Menyeberangi Selat Sunda

Suara penyanyi dangdut itu melengking seakan-akan kurang minuman berserat. Sudah dua jam di tengah ombang-ambing pasase Selat Sunda, saya dipaksa untuk duduk diam mendengarkan nyanyian yang sekenanya itu sembari memeluk tas ransel. Apa mau dikata, dangdut adalah satu-satunya hiburan yang tersedia di atas dek kapal ini.

Perjalanan dari Jakarta berhenti sesaat saja di Merak, tempat di mana kami berkesempatan untuk meluruskan kaki turun dari bus. Berita bagus seharusnya. Namun sesudah dua jam berlalu, kapal berkarat yang penuh sesak ini terasa jauh lebih buruk daripada bus.
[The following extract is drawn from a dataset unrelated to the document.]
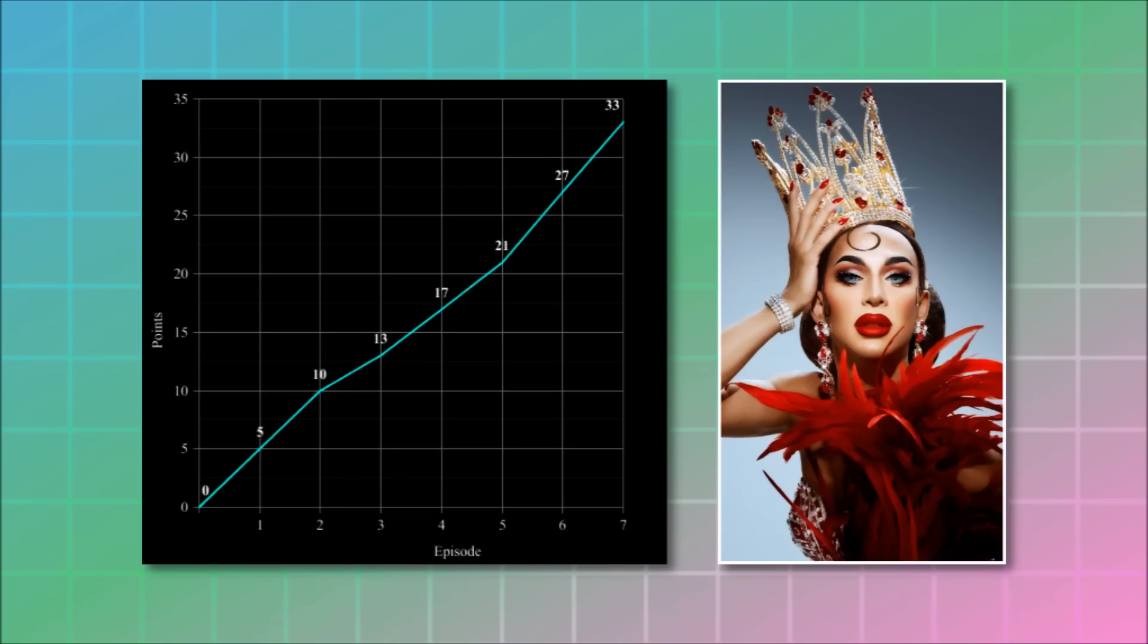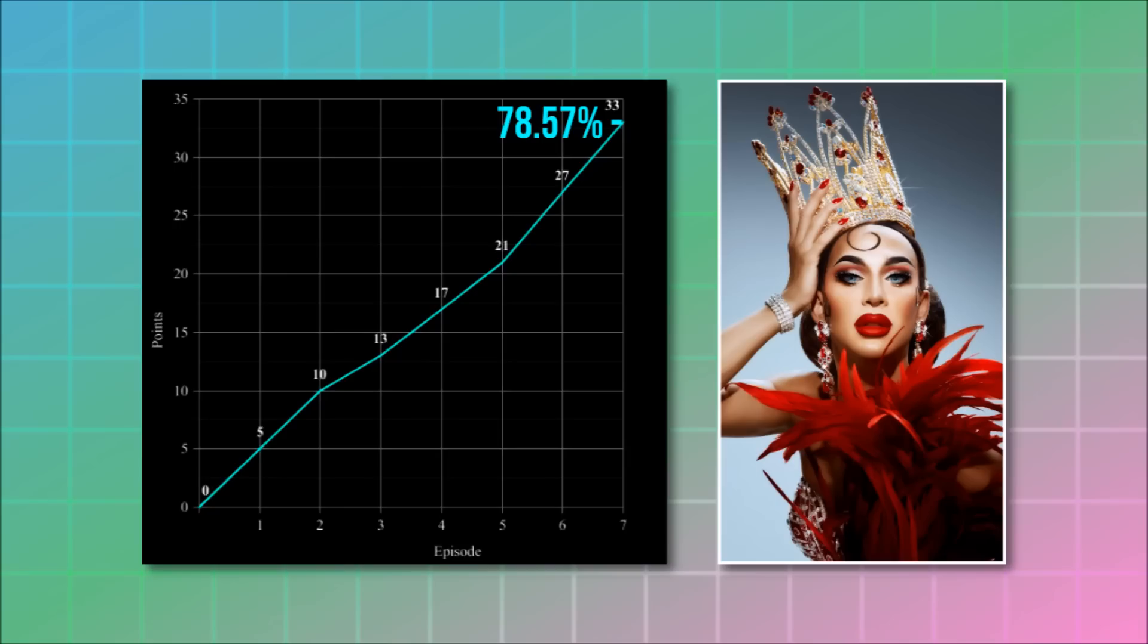So, Carmen finished the episode with 33 points. The maximum for that season is 42, so Carmen earned 78.57% of the maximum. This is with the points of the mini challenges. If we don't include those, Carmen earned 29 points, the maximum now is 35, and the percentage of the maximum that she earned is 82.85%. Quite impressive, wouldn't you agree?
Dua jam sisanya, saya lebih memilih menghabiskan waktu bersandar di buluh-buluh besi berkarat menatap ke lautan lepas di seberang sana. Malam itu begitu gelap tidak nampak sesuatu apapun di lautan yang terlihat agak tenang ini.

Pendar-pendar cahaya kecil di seberang selat menyiratkan harapan dadakan. Nampaknya kami sudah hampir bersandar di Bakauheuni. Saya melirik ke arloji. Hampir pukul empat pagi. Selamat datang di daratan Sumatera, saatnya memulai petualangan berikutnya.